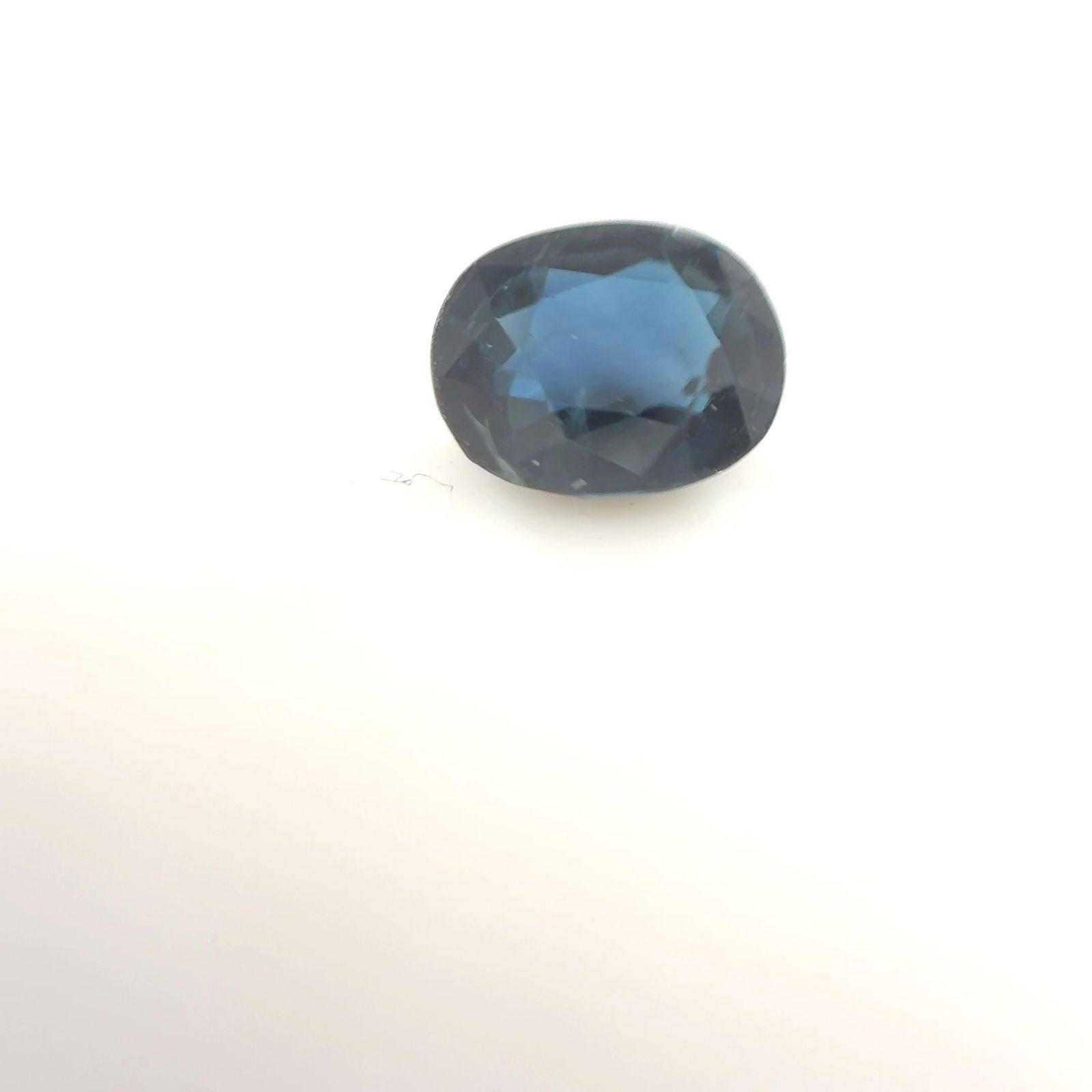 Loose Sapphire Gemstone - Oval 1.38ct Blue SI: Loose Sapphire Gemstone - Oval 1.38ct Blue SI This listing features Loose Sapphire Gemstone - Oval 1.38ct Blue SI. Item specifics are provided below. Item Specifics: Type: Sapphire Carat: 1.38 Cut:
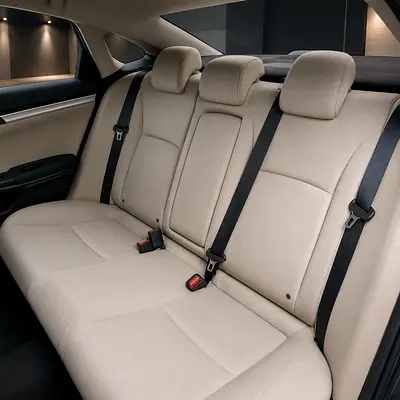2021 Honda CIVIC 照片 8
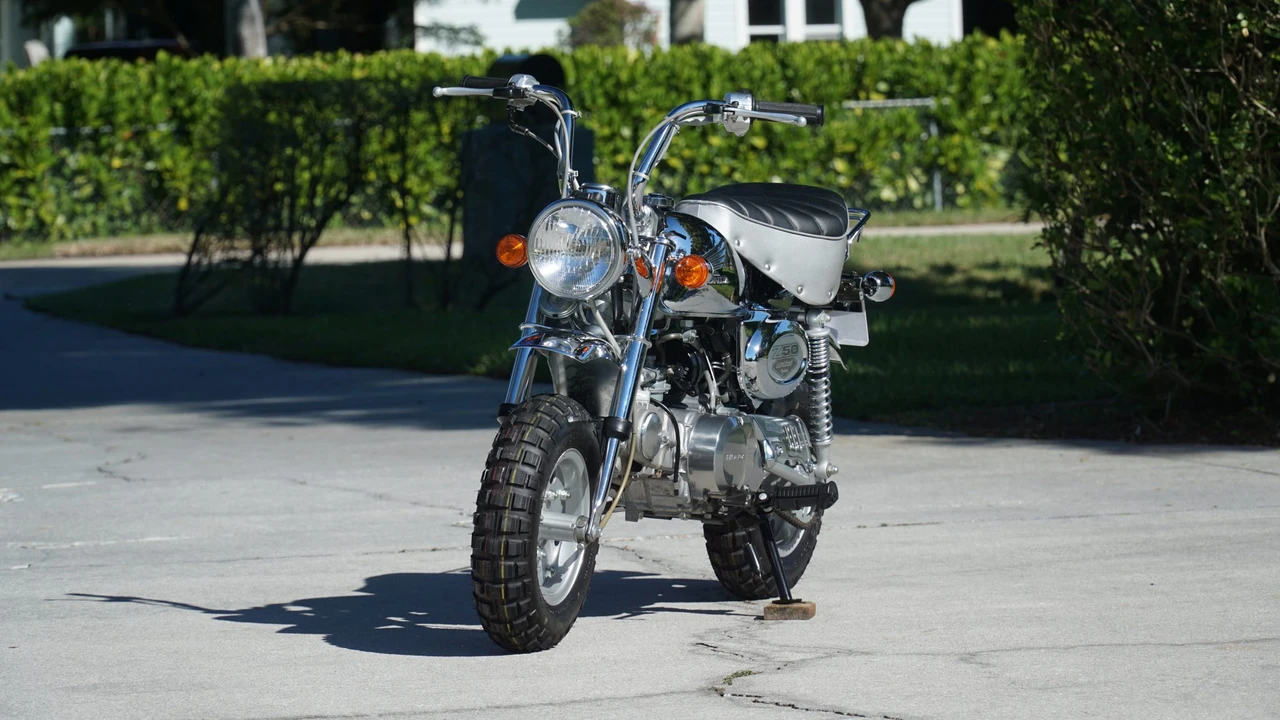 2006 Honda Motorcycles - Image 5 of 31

• TASK REQUIREMENTS:
All of the material above should be set down again exactly, though not its pictures.

• SOLUTION FOR THIS PROBLEM:
 Loose Sapphire Gemstone - Oval 1.38ct Blue SI: Loose Sapphire Gemstone - Oval 1.38ct Blue SI This listing features Loose Sapphire Gemstone - Oval 1.38ct Blue SI. Item specifics are provided below. Item Specifics: Type: Sapphire Carat: 1.38 Cut:
2021 Honda CIVIC 照片 8
 2006 Honda Motorcycles - Image 5 of 31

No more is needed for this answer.